1. The problem statement, all variables and given/known data

A Particle of mass m and chargeq oves at high speed along the x axis. It is initially near x=-infinity and it ends up near x=+infinity. A second charge Q is fixed at the point x=0, y=-d. As the moving charge passes the stationary chrge, its x component o velocity does not change appreciably, but it acquires a small velocity in the y direction. Determine the angle angle through which the moving charge is deflected. suggestion: The integral you encounter in determining v_y can be evaluated by applying Gauss's law to a long cylinder of radius D, centred on the stationary charge.

2. Relevant equations

$$\Phi$$ = EdA

3. The attempt at a solution

So Far, I have managed to get to E=Q/2$$\pi$$md($$\epsilon$$_0)
and ended up with a= Qq/(2$$\pi$$md($$\epsilon$$_0)
by using electric force and F=ma equations

I know the answer I should get is $$\Theta$$=Qq/(2$$\pi$$md($$\epsilon$$_0)v$$^{2}$$

can anybody help me with the method between these two points, or correct me if my method is wrong?

2. May 27, 2008

you are along the right lines here, but you need to consider that the particle will always experience a force, for all x, not just at x = 0, so work out the distance that the particle is for any x, and use this as your distance.

other than that, dont forget that

$$F = q_1 q_2 / 4 \pi \epsilon_0 r^2$$

is the force, and from this, and what i said above, you should be able to follow the algebra through and get the right answer =]

3. May 27, 2008

### Graham1

OK, so I'm assuming that I am using $$r^2=x^2+d^2$$, and that $$x=r tan \theta$$, which should give me the distance, as I can't see another way of getting it.
but this complicates things on the rhs giving me a "+1 " when simplified, which looks tough to get rid of.

I still can't see a way of getting the $$v^2$$ unless I use kinetic energy, but then that seems to cause more problems than it solves.

is it the K.E. I'm looking at, or am I missing something a bit more simple?

4. May 28, 2008

Yes for the first thing, no for the second. The direction r is the direction of the force on the particle, not the direction of the particle itself.

first you want to calculate the velocity in the y direction by integrating the force with respect to time, which is the momentum, and hence you have the velocity.

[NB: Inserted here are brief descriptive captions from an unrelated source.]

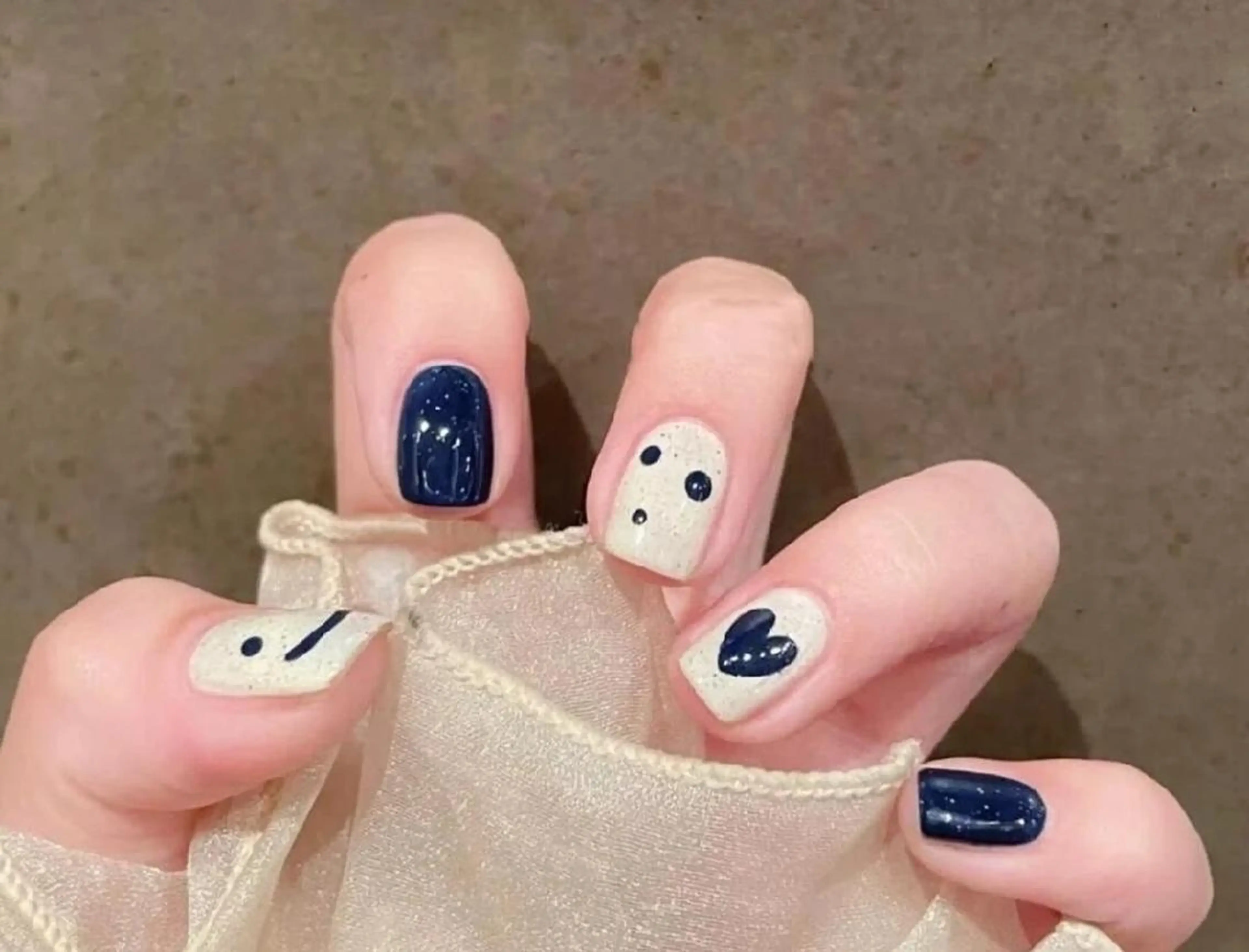 ネイル Theone栄店 田口のネイルデザイン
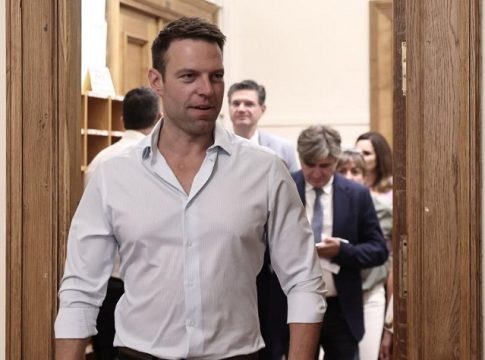 Πτώση ΣΥΡΙΖΑ και ΝΔ – Πόσοι «βλέπουν» διάσπαση; – Πρώτη δημοσκόπηση με πρόεδρο Κασσελάκη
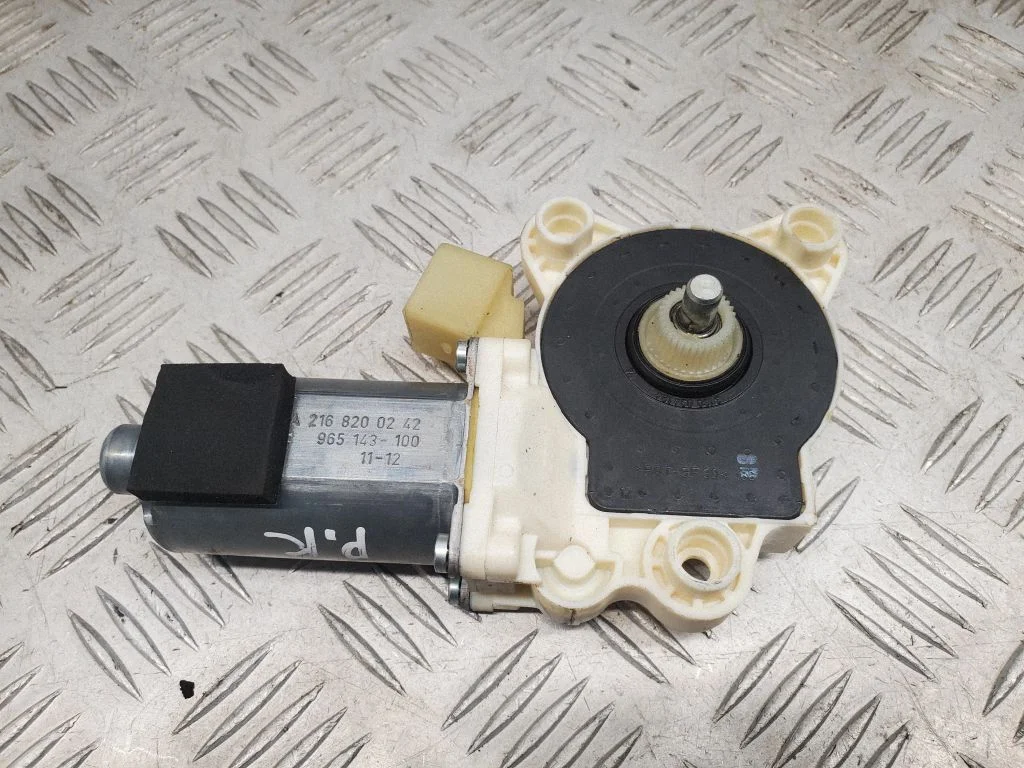 Priekšējā loga pacēlāja motoriņš A2168200242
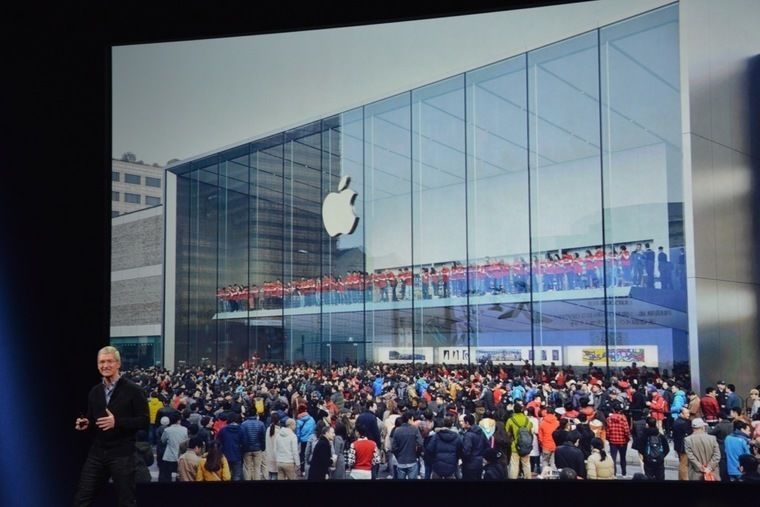 Тим Кук на презентации рассказывает об открытии новых магазинов Apple в Китае, март 2015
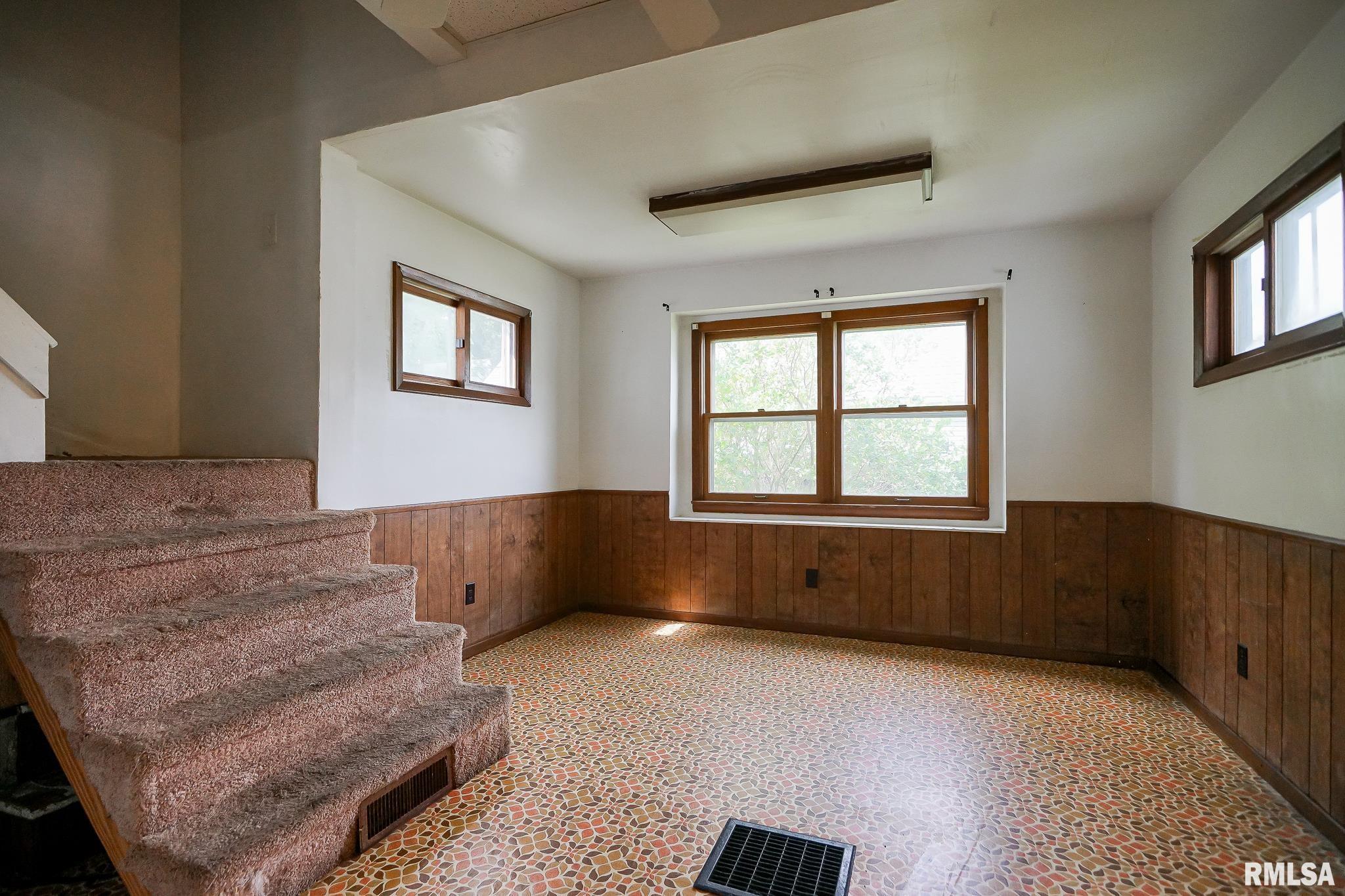 609 Walnut Street Washington, IL 61571 - Photo 27 of 48 Gallery Image 27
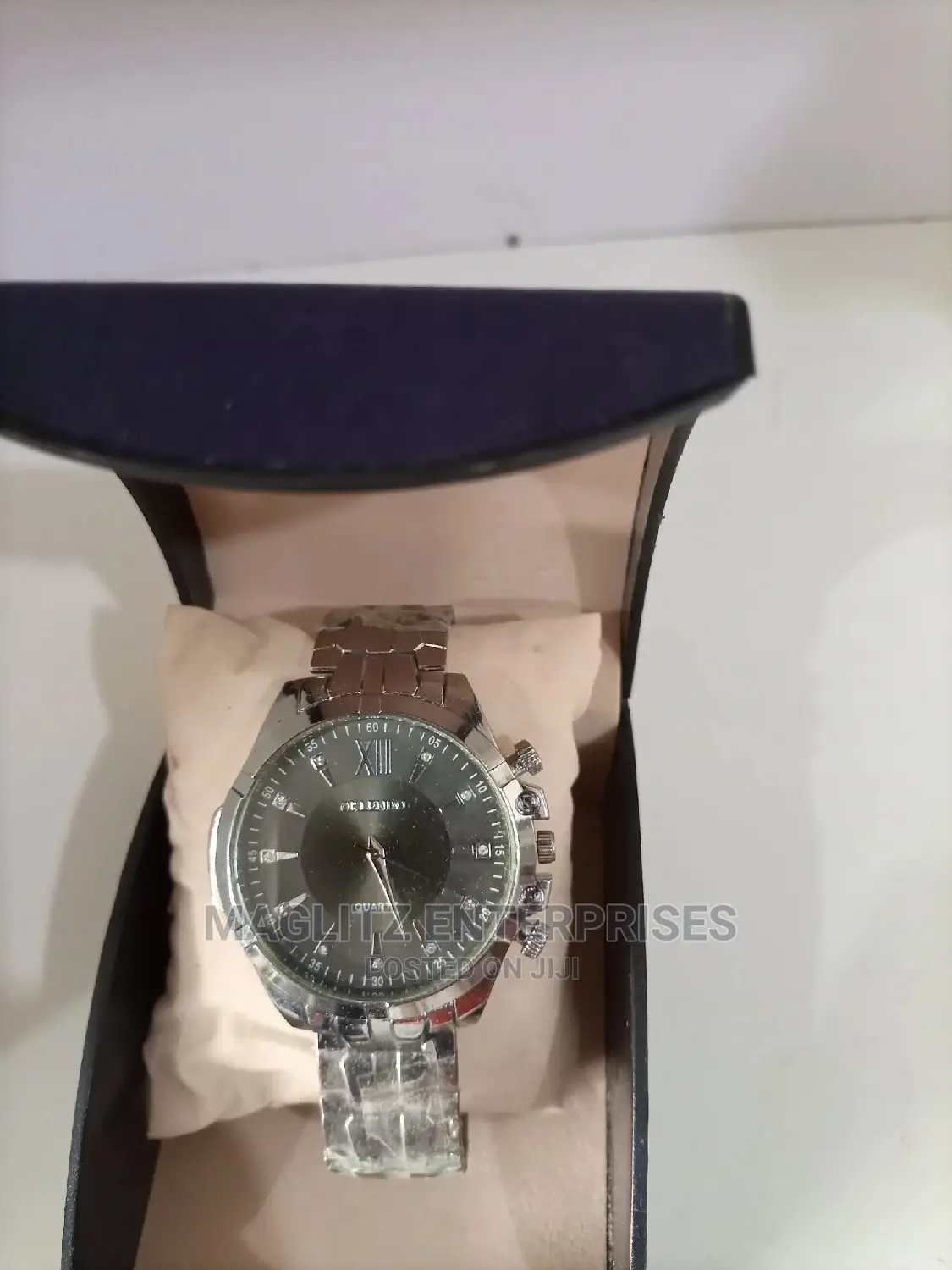 Quality Unisex Wristwatch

The angle is calculated from the ratio of the y-velocity to the x-velocity (this can be seen by drawing a triangle, using distance travelled in the x direction and distance travelled in y direction in a given time t, The angle $$\theta$$ is enclosed by that, and from there is simple substitution).

5. Jun 13, 2008

### pikorodaimaku

dude don't you get it? there no Vx, so the problem can't be solved. They should give you Vx. It doesnt matter if you use Vy/Vx=tan(()) or Position Y/x=tan(()) you still need the x component.

6. Jun 13, 2008

### pikorodaimaku

motherfucker then do it.